» **PROBLEM TO WORK ON**: Repeat exactly the lines below from the line that contains "Great Tit - Anonymous" to the last line, inclusive, without the pictures.

[[ DATA SECTION, beginning ]]

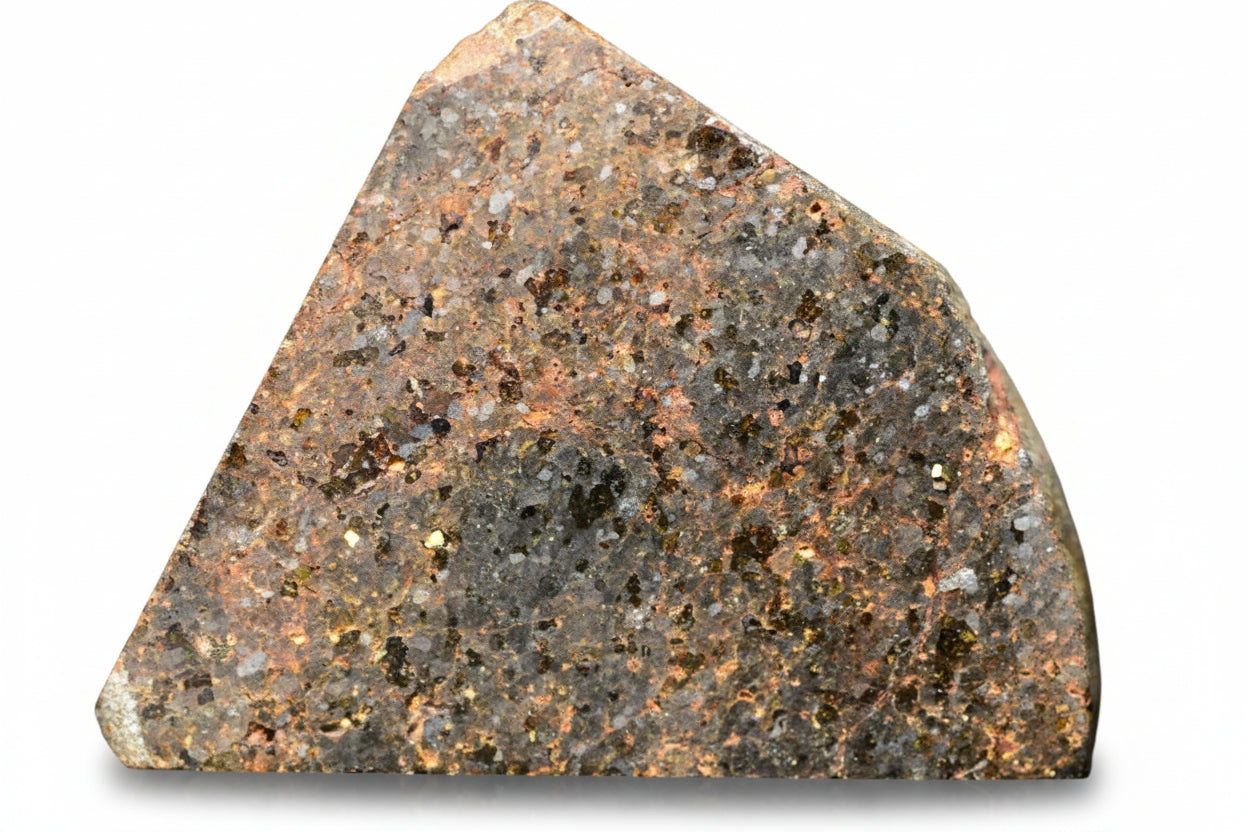 Slice of Brachinite NWA 11756 meteorite, showcasing its metallic minerals and unique textures on a mineral display.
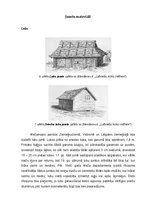 Реферат 'Latviešu zemnieku celtņu jumtu formas un materiāli no 18.gadsimta sākuma līdz 20', 6.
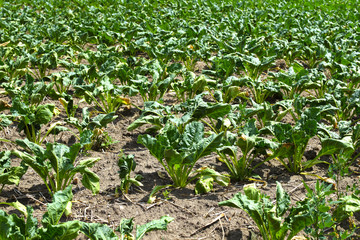 Due to water scarcity dry chard fields (Beta vulgaris cicla) in northern Germany in summer.
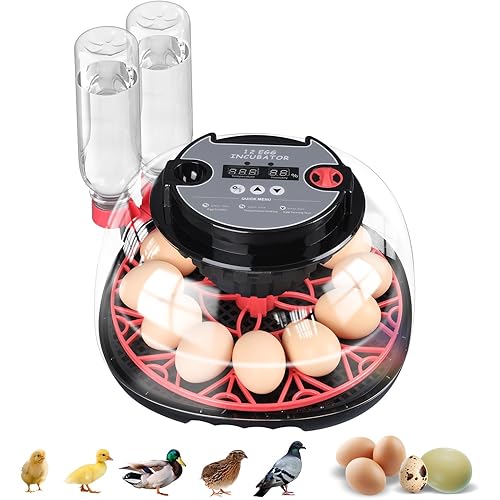 12-Egg Incubator, Automatic Egg Turning Function, Humidity Control, External Water Bottle for Watering, 360° Observation, Suitable for Chickens, Ducks, Geese, and Quails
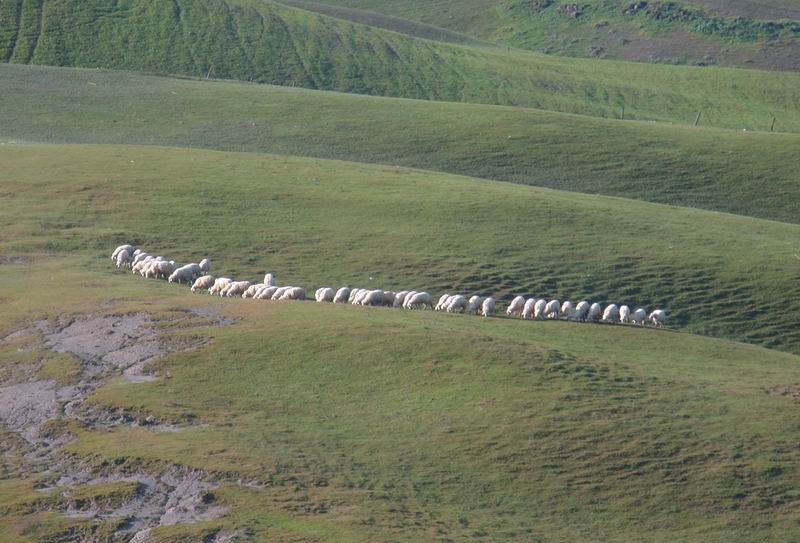 Immagini delle crete senesi....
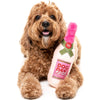 15% OFF: FuzzYard Dog Day Rose Plush Dog Toy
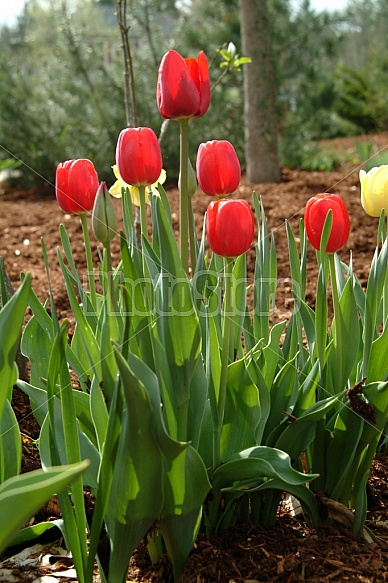 Red And Yellow Tulips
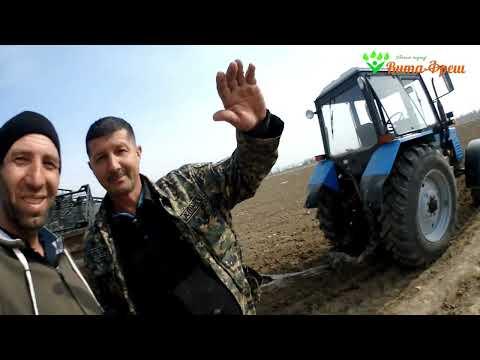 Видео: Посадка цветной и белокочанной капусты 19 02 2022 Вита Фреш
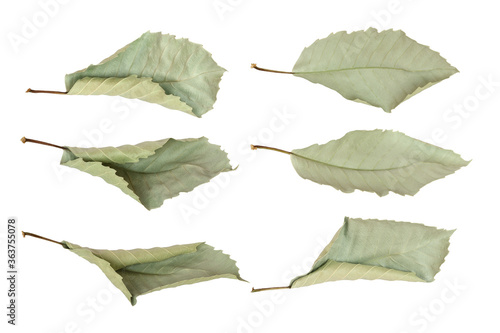 Nature dry leaves isolated on white background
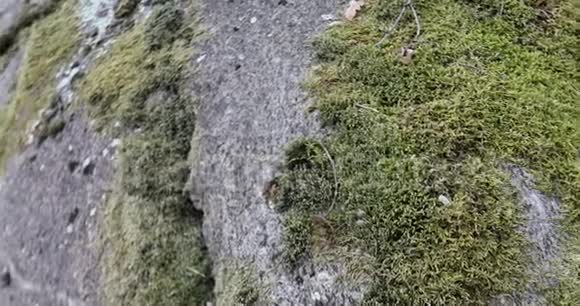 有苔藓和地衣的森林岩石视频的预览图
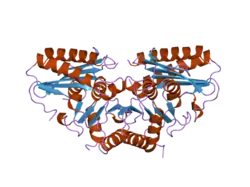 2ddk: Crystal structure of human myo-inositol monophosphatase 2 (IMPA2) (orthorhombic form)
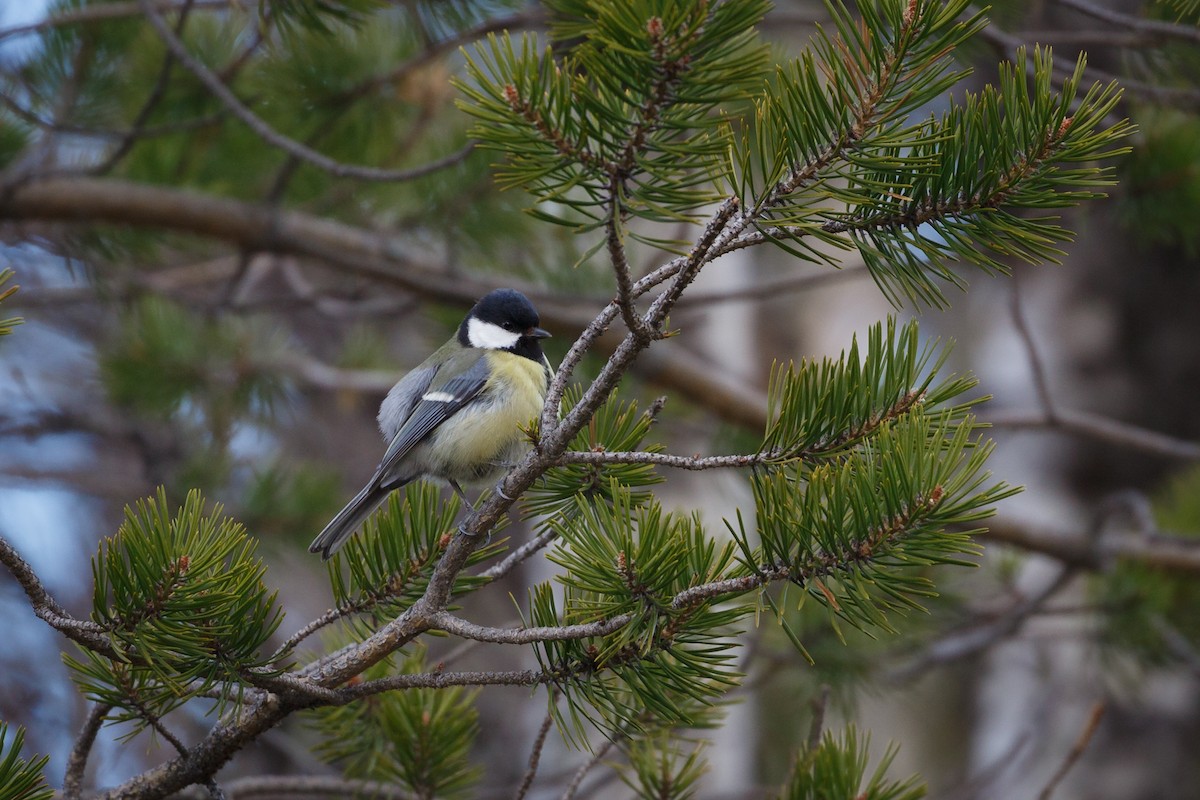 Great Tit - Anonymous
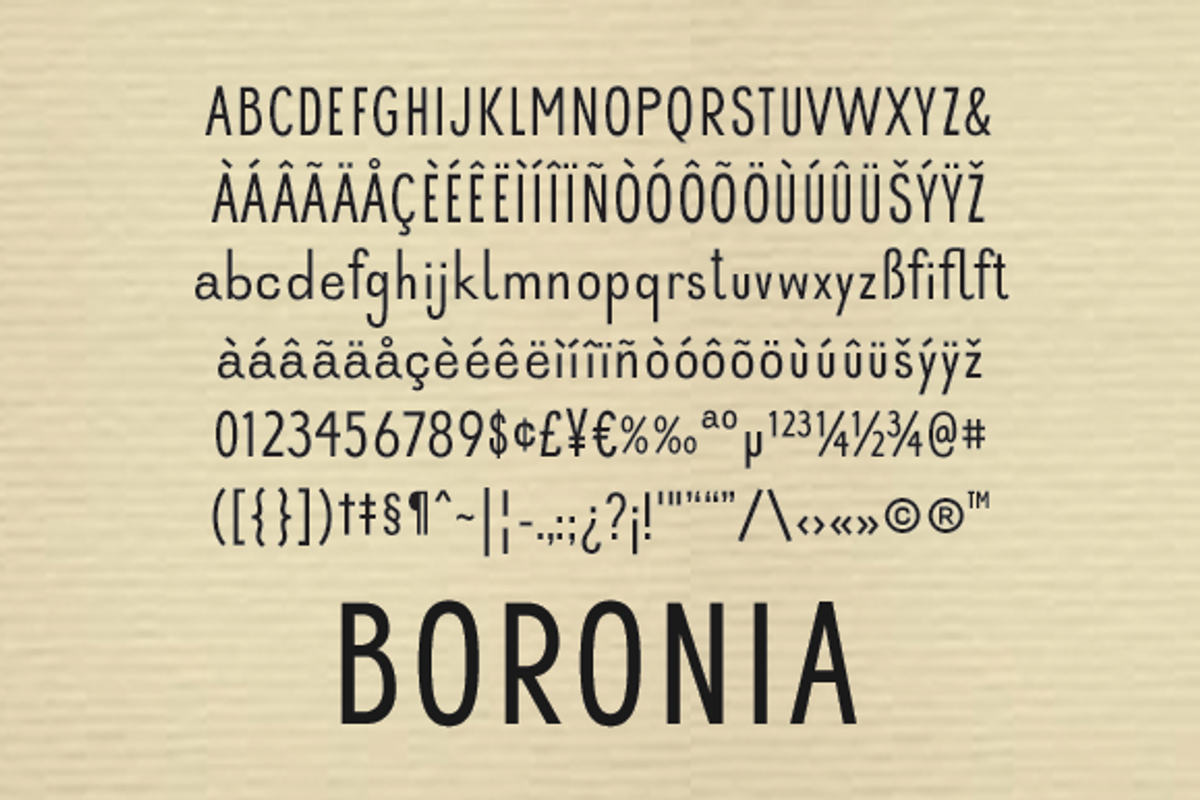 Boronia, a Sans Serif Font by STUDIOWAYS (Photo 7 of 7)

[[ DATA SECTION, end ]]

» **SOLUTION TO THIS TASK**:
 Great Tit - Anonymous
 Boronia, a Sans Serif Font by STUDIOWAYS (Photo 7 of 7)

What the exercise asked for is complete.